| Hijackers of flight77 set off metal detectors Original Source Link: (May no longer be active) http://www.usatoday.com/news/nation/2004-07-21-hijackers-tape_x.htmhttp://www.usatoday.com/news/nation/2004-07-21-hijackers-tape_x.htm
Hijackers set off detectors on 9/11 By Alan Levin, USA TODAY
WASHINGTON — Three of the five hijackers who flew a jet into the Pentagon set off metal detectors on the morning of Sept. 11, 2001, as they passed through security at Dulles International Airport outside Washington, a videotape shown Wednesday reveals. The hijackers acted casually as security workers checked their bags and put them through additional screening, the surveillance tape shows. Later that morning, the men stormed the cockpit of American Airlines Flight 77 and slammed the jet into the Pentagon. All 64 people aboard the flight and 125 at the Pentagon were killed. (Related video:Hijackers pulled aside at Washington Dulles Airport)
Nothing in the video suggests that the security guards violated screening procedures. The commission investigating the Sept. 11 attacks concluded in January that the hijackers on all four flights likely carried knives with blades shorter than 4 inches, which at the time were permitted on flights.
But the video and the details surrounding Flight 77 have highlighted a concern raised by the commission: missed opportunities that might have thwarted one or more of the hijackings.

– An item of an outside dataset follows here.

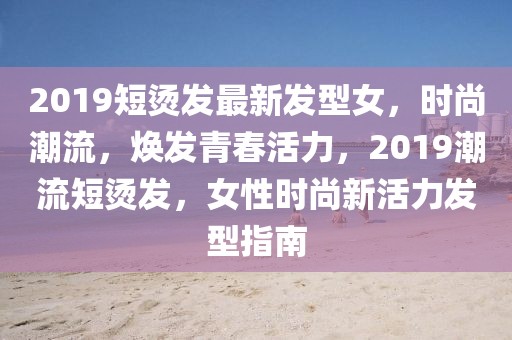 2019短燙發(fā)最新發(fā)型女，時(shí)尚潮流，煥發(fā)青春活力，2019潮流短燙發(fā)，女性時(shí)尚新活力發(fā)型指南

The CIA had identified two of the five hijackers in the video, Khalid Al-Midhar and Nawaf Alhazmi, as potential terrorists because they had participated in a suspected al-Qaeda meeting in Malaysia in 2000. But before 9/11, few names of terrorists were provided to the Federal Aviation Administration, which kept a list of people who were prohibited from flying for security reasons. Their names had also not been provided to Customs officials who allowed them to enter the country.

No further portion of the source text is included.